By Clay Lucas and Royce Millar
Former Labor MP Jude Perera has admitted that an allegedly corrupt developer wrote a submission in his name in support of a $150 million land rezoning and used his electorate office to lobby the Andrews government to approve the change.
Counsel assisting the state’s anti-corruption commission put it to Mr Perera on Thursday that allowing the developer to write the submission in his name was “spectacularly inappropriate”.
Mr Perera, the former MP for the electorate of Cranbourne, told the commission that developer John Woodman had “created public opinion” in support of the rezoning, and then threatened to turn local residents against the Andrews government unless it backed the change.
Mr Perera was Labor’s member for Cranbourne from 2002 until his retirement in 2018. Between 2013 and 2015, he accepted $27,000 in campaign donations from Mr Woodman as the developer pushed from early 2014 for the rezoning of the Cranbourne West land from industrial to residential.
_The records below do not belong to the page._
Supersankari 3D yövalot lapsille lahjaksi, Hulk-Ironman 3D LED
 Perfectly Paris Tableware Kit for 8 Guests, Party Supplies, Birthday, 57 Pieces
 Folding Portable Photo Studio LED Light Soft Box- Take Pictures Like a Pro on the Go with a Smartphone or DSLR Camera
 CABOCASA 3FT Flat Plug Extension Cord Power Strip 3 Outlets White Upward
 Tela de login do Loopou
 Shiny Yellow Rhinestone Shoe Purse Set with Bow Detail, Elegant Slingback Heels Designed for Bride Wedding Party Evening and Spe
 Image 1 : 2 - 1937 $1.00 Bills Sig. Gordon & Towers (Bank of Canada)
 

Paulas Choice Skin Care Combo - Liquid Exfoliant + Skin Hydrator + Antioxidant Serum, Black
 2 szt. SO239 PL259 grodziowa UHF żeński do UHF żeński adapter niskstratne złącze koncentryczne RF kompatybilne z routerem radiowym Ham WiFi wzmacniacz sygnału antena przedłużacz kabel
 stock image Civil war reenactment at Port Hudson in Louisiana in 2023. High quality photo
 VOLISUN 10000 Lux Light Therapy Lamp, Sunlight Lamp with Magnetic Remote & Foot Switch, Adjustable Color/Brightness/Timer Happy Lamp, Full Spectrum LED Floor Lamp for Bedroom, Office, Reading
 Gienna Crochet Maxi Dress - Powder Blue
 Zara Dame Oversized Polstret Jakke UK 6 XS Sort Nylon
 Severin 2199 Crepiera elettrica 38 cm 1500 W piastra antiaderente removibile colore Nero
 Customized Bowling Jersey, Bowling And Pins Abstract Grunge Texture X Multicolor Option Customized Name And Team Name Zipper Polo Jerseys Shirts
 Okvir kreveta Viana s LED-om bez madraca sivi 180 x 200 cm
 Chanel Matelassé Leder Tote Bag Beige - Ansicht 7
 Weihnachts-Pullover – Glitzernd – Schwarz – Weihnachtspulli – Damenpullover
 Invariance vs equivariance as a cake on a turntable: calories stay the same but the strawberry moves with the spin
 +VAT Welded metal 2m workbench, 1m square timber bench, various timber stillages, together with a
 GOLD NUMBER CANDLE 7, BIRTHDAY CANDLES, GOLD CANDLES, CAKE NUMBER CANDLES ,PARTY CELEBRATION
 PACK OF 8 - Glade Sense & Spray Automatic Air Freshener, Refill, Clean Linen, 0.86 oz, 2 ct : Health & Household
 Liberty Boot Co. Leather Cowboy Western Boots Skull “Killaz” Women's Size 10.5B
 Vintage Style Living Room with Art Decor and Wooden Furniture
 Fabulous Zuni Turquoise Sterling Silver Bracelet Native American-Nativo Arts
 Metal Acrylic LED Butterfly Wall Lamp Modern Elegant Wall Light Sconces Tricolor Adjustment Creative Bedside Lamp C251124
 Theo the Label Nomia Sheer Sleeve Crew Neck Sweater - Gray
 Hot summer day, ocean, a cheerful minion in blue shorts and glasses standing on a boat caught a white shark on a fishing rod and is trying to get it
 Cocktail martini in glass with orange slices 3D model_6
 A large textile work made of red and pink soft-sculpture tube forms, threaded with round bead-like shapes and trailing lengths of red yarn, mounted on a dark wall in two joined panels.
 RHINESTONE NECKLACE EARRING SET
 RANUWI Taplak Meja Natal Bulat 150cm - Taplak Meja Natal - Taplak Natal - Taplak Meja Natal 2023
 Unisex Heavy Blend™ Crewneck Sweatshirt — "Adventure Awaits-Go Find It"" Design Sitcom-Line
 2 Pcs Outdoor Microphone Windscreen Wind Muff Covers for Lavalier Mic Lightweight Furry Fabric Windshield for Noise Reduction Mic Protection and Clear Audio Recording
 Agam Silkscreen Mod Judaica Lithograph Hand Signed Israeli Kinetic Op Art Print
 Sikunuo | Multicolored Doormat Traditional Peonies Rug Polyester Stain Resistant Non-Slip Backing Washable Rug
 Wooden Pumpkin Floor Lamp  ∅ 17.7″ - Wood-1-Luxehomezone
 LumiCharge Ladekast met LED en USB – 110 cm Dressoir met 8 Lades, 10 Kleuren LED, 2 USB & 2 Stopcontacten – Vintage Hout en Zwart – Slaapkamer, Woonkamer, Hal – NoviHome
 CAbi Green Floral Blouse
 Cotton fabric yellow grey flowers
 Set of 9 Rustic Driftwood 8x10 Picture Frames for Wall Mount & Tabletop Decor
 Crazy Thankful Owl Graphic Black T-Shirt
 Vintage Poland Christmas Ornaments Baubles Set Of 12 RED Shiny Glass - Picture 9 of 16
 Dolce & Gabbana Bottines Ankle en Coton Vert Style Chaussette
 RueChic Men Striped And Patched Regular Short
The state’s Independent Broad-based Anti-Corruption Commission is investigating allegedly crooked land deals centred on Mr Woodman’s influence over Casey Council and multiple state Labor and Liberal MPs.
Central to the investigation is the proposed rezoning, which would have generated a windfall of up to $150 million for Mr Woodman and associates and his client, landowner Leighton. The rezoning was derailed by an investigation by The Sunday Age in late 2018.
But Mr Perera has admitted that his office was used by Mr Woodman as a conduit to Planning Minister Richard Wynne in a bid to convince him to rezone the land.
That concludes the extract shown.